Не давали покоя проблемы. Во-первых, конечно, люди – нужно было как можно скорее привлечь поселенцев, вот хотя бы из племени Птицы. Как раз сегодня в Нордику прибудут их правители – старейшина, жрец, молодой военный вождь и – если не обманут – несколько юношей, направленных для обучения языку. На юношей этих легат возлагал большие надежды. Пусть учатся, пусть проникаются духом цивилизованности, пусть привыкнут к относительному комфорту, почувствуют красоту вещей и книг, пусть захотят жить здесь. Рысь верил – захотят, будет именно так.
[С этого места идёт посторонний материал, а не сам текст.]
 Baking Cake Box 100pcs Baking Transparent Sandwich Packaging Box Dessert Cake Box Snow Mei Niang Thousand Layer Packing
Пусть даже не получится сразу, с теми, кто придет сейчас, не беда, будут еще и другие. Главное – заложить основы, завязать отношения с местным населением, показать, что город им вовсе не враждебен. И в этом смысле, конечно, хорошо бы умерить аппетиты охотников за рабами.
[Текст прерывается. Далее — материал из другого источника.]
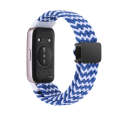 For Huawei Band 9 / 8 Magnetic Buckle Nylon Braid Watch Band(Wave Pattern Blue White)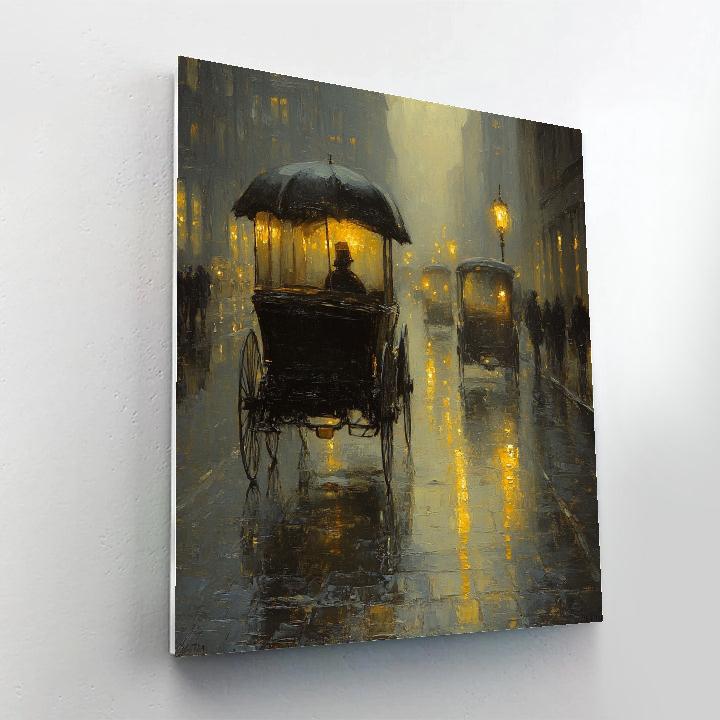 Turner Inspired City In Rain paint by numbers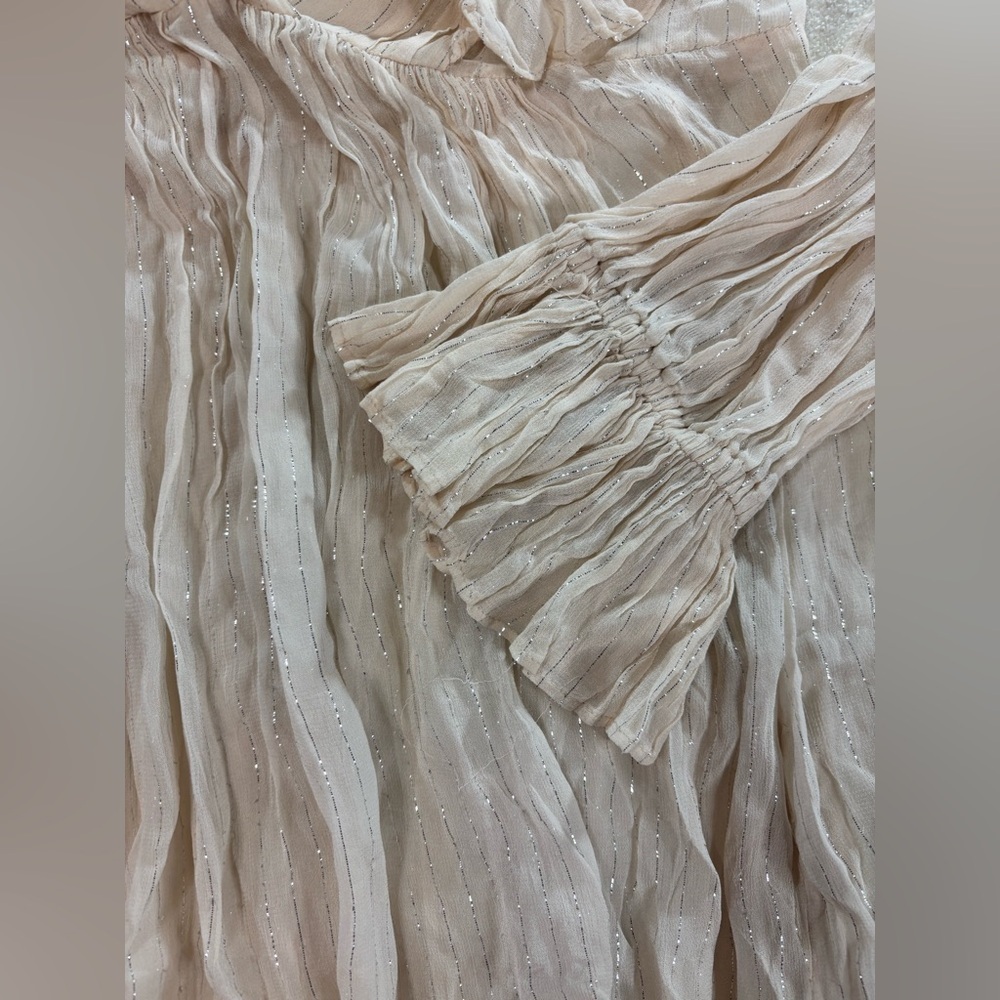 Maeve Anthropologie Sheer Ruffle Blouse Size 10 Cream Metallic Stripe Boho Top - Picture 6 of 7
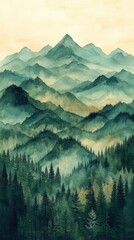 Fototapeta premium majestic mountains with a soft gradient of green and blue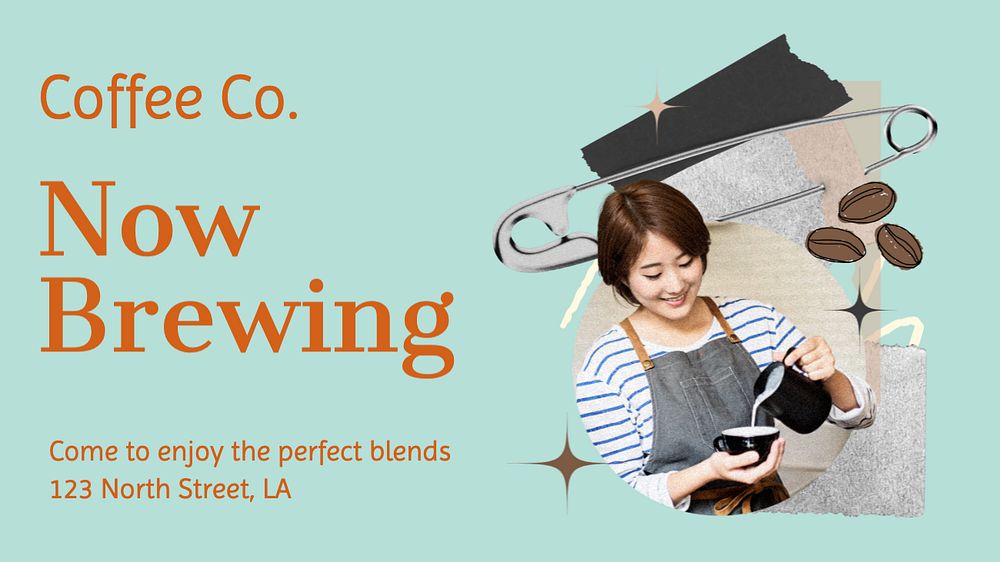 Now brewing, cafe blog banner template, editable text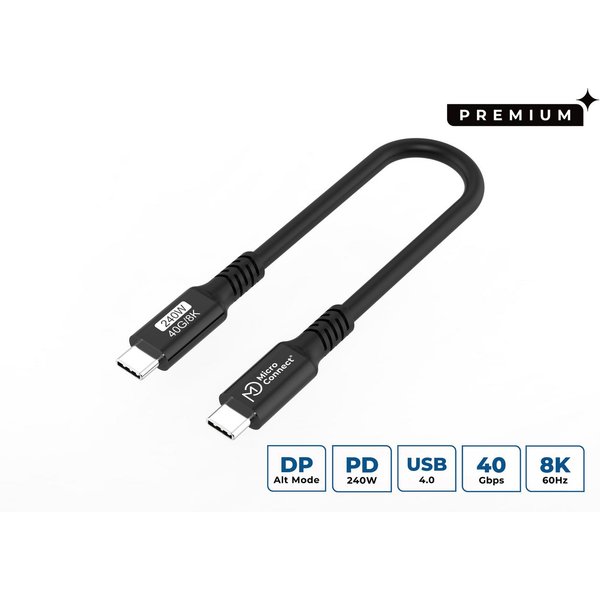 Microconnect USB4CC015-240W USB cable USB4 Gen 3x2 0.15 m USB C Black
Да, рабы – добрый товар, но только не сейчас. В Нордике пока что мало народу, а значит, мало умелых ремесленников, мало крестьян, мало охотников и рыболовов – всех тех, кто кормит, кто работает, кто производит хоть что-то. Вот кого много – так это легионеров. Правда, те тоже работать умеют, не только воевать, тем не менее труд вовсе не основное их занятие. Хотя без воинов точно не будет никакой жизни. Люди Волка – те, кто напал на соседнюю деревню, – сильно тревожили легата, впрочем, как и всех городских магистратов и военачальников. Когда же, когда вернется с подробным докладом Табиний и посланные ему вослед хавк Луминий Гавстальд с Вялишем-весянином?
Рысь очень надеялся на то, что все они смогут окончательно прояснить вопрос о нападавших. Много ли их, откуда, идут всем племенем или явились лишь небольшим отрядом? От ответов на эти вопросы зависела не только безопасность Нордики и прилегающей округи, но и судьба задуманной экспедиции на юг, за хлебом. Кстати, там же можно будет приобрести (или захватить, тут уж как повезет) рабов. Если племя Волка окажется слишком враждебным, если не удастся договориться, придется искать обходные пути или воевать. Народ Птицы что-то слышал о римлянах, наверняка и люди Волка знакомы с империей. Конечно же, знакомы, раз торгуют через понтийские города или Дакию, продают тот же хлеб, тех же рабов. Хорошо бы сделать так, чтобы племена, живущие, скажем, где-нибудь в верхнем течении Борисфена, привозили бы хлеб сюда, на север.
Ольховая река – широка и удобна для плавания крупных судов… Вот только пороги… Нужны знающие лоцманы. Нанять кого-нибудь из местных рыбаков? Нанять, конечно. Но для начала прояснить вопрос о возможности торговли хлебом. Не только для перепродажи в имперские провинции, но и для собственного потребления Нордики. Рыба – рыбой, дичь – дичью, но без зерна жизни не будет. А земля здесь родит плохо, местным племенам едва хватает для прокормления, потому и малочисленны они тут. Одни леса кругом да болота, редко встретишь где человека. Из жилья поблизости, пожалуй, одна Купава и мелкие поселочки других родов Птицы, да и те основаны пришельцами с благодатногоюга, еще не вполне отказавшимися от своих прежних привычек – те же дома строили, как и у себя на родине, из плетня, обмазанного глиной. Плохое жилище для дождливой осени и морозной зимы. Кроме этого, как докладывала разведка, в лесах, по берегам местных нешироких речушек, там и сям были разбросаны мелкие – три-пять домов – деревушки веси. Их обитателей тоже надо было приохотить к поездкам в Нордику – пусть везут на торжище меха, рыбу, коровьи кожи, болотную руду.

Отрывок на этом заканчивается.